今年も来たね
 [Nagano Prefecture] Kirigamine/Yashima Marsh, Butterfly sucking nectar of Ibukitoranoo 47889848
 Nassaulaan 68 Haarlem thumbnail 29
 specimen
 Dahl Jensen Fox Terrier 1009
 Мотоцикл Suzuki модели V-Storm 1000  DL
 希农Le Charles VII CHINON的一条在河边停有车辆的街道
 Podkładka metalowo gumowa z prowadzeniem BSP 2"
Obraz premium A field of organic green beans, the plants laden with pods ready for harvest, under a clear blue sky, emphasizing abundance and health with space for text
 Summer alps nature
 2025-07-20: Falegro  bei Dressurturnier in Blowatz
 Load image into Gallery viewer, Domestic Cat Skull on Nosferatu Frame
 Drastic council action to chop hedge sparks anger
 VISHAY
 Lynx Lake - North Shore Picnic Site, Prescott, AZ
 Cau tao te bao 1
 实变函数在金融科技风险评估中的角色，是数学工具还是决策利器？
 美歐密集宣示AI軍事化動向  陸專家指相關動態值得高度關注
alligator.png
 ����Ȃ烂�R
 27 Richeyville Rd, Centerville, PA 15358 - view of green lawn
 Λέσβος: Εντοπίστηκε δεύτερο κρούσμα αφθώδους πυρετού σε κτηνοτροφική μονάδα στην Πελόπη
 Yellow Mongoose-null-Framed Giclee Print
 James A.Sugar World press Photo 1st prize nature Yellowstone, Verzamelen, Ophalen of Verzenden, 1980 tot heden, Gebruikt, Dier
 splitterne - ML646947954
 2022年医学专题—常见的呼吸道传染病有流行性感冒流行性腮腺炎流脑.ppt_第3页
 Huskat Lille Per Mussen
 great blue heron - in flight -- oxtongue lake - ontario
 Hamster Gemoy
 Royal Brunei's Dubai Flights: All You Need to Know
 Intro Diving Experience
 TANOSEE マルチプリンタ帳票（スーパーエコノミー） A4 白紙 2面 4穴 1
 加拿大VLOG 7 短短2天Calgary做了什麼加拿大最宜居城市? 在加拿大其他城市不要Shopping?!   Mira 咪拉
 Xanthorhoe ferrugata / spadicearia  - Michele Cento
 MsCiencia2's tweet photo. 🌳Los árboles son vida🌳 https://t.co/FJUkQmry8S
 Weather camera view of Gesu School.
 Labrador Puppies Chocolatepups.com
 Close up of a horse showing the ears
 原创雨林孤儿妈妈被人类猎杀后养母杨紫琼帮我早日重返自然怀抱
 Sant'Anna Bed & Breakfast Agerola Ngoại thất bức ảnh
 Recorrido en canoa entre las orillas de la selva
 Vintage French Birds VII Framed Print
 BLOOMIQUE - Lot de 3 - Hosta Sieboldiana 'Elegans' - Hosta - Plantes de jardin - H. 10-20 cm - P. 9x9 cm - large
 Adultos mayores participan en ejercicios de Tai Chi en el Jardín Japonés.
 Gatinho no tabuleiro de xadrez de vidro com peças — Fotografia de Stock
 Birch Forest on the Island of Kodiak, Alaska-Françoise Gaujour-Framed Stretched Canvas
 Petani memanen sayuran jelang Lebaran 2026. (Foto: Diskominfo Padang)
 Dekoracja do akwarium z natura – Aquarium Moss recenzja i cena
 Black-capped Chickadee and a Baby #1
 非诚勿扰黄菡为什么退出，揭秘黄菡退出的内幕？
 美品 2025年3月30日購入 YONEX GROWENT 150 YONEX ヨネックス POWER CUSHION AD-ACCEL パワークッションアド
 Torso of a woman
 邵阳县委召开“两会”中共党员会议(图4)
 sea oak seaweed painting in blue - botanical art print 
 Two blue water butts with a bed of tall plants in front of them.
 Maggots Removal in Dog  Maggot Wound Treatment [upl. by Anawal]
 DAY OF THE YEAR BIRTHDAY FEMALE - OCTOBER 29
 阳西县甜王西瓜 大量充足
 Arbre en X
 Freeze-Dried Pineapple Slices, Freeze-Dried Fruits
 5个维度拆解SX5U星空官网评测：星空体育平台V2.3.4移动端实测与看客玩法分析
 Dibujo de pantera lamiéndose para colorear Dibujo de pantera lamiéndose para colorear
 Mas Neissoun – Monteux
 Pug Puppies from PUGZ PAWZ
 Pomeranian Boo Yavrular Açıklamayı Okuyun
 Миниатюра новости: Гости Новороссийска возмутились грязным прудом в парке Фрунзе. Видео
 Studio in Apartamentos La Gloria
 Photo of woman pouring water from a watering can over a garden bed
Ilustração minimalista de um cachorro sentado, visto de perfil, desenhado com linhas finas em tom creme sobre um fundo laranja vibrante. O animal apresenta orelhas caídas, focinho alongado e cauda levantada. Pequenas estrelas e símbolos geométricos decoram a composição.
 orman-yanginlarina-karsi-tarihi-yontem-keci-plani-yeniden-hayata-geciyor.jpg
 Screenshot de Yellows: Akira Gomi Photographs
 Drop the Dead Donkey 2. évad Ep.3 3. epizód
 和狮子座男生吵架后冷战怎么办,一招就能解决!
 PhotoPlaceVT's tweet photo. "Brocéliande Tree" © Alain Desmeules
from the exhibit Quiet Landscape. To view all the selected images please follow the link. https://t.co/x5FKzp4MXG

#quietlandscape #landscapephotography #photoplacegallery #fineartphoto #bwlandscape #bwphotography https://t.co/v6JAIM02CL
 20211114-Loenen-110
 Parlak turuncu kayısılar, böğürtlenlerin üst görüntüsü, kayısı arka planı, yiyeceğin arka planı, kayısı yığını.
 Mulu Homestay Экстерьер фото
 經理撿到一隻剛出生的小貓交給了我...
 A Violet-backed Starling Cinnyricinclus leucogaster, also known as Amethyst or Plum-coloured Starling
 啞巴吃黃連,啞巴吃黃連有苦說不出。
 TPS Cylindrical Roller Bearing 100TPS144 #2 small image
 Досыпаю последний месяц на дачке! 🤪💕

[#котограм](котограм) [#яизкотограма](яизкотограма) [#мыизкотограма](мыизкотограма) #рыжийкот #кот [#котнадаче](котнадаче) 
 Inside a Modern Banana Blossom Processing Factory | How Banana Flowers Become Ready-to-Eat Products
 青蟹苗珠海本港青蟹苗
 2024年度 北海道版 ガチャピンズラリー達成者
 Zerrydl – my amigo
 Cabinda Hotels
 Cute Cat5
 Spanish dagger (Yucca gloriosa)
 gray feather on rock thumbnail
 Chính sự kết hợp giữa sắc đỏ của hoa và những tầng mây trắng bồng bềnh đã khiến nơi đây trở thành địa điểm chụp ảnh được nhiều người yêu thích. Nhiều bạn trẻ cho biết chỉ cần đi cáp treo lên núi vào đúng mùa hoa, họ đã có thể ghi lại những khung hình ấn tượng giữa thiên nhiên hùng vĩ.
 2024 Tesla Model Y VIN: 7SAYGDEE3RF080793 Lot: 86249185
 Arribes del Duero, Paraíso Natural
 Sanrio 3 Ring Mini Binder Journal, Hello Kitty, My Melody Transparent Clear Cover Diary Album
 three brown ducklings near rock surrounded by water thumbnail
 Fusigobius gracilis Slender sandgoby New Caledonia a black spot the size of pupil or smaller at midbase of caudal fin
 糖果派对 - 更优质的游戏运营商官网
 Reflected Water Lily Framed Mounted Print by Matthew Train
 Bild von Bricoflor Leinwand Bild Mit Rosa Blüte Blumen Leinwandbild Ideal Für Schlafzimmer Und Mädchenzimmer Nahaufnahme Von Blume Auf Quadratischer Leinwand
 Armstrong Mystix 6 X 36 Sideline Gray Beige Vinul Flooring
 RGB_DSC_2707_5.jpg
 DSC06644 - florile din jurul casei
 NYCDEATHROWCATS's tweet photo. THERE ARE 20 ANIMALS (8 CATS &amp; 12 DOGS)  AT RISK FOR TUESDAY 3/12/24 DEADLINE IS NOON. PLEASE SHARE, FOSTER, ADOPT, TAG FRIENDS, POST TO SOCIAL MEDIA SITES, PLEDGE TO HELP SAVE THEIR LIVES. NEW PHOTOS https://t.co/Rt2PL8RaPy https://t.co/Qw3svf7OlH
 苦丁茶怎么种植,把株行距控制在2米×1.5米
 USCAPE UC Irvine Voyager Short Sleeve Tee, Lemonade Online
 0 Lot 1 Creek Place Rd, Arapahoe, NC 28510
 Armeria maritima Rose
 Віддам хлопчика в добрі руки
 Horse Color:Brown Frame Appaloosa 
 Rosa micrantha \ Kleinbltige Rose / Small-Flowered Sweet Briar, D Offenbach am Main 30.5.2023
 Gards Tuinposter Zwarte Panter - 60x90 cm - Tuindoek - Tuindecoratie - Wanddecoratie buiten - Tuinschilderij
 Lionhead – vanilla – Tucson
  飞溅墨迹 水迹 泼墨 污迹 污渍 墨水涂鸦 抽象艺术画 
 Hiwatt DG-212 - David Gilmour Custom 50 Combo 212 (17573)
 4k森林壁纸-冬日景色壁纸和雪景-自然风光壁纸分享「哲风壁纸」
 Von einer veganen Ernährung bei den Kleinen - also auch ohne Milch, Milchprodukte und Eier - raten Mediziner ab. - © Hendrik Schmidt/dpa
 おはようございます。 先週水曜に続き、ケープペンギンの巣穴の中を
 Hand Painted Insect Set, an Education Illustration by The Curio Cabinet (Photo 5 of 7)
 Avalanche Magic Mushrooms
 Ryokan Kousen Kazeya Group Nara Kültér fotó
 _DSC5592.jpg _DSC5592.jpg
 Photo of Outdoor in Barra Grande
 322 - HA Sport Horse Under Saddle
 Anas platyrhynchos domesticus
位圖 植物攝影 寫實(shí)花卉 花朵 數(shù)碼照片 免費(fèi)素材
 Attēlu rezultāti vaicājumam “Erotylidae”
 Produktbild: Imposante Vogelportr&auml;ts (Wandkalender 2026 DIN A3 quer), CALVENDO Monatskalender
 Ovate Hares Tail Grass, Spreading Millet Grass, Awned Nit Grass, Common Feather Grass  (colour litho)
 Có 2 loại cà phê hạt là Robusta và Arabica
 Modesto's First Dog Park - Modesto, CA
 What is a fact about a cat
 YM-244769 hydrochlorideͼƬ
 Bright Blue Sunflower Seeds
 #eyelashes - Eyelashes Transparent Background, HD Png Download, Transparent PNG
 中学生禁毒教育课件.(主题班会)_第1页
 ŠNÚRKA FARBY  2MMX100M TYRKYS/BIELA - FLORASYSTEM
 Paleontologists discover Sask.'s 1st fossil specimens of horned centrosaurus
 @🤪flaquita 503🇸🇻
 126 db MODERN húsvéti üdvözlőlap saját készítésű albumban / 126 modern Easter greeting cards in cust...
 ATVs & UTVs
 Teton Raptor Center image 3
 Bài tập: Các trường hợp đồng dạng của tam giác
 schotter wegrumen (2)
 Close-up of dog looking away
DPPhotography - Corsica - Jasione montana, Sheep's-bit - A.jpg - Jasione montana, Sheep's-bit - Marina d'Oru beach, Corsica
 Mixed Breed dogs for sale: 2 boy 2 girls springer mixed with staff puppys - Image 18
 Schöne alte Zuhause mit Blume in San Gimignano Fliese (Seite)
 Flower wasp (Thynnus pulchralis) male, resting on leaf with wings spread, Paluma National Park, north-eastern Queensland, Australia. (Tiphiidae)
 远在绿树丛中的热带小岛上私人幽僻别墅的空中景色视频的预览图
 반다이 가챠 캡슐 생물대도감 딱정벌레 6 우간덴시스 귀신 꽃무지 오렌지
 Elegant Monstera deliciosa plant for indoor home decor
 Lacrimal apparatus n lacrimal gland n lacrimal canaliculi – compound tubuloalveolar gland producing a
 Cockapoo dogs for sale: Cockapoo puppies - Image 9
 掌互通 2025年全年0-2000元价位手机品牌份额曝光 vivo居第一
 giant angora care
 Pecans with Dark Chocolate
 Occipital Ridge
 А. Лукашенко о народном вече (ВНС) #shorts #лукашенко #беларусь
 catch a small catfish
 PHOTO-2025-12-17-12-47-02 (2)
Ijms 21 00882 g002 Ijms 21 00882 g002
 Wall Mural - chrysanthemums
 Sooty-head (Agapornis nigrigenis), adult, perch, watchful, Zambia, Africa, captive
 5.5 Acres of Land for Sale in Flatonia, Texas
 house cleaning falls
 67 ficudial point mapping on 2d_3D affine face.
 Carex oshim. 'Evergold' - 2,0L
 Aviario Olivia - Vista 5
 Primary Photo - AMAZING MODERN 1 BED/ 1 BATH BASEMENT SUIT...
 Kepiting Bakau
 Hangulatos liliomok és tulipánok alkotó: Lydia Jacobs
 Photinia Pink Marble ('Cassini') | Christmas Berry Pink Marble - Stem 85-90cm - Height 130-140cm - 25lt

- - - - -

_EXERCISE DESCRIPTION_.
Every line from the top of the material through the line containing "Podkładka metalowo gumowa" must be transcribed exactly, and no other line may appear.

_ANSWER BELOW_.
今年も来たね
 [Nagano Prefecture] Kirigamine/Yashima Marsh, Butterfly sucking nectar of Ibukitoranoo 47889848
 Nassaulaan 68 Haarlem thumbnail 29
 specimen
 Dahl Jensen Fox Terrier 1009
 Мотоцикл Suzuki модели V-Storm 1000  DL
 希农Le Charles VII CHINON的一条在河边停有车辆的街道
 Podkładka metalowo gumowa z prowadzeniem BSP 2"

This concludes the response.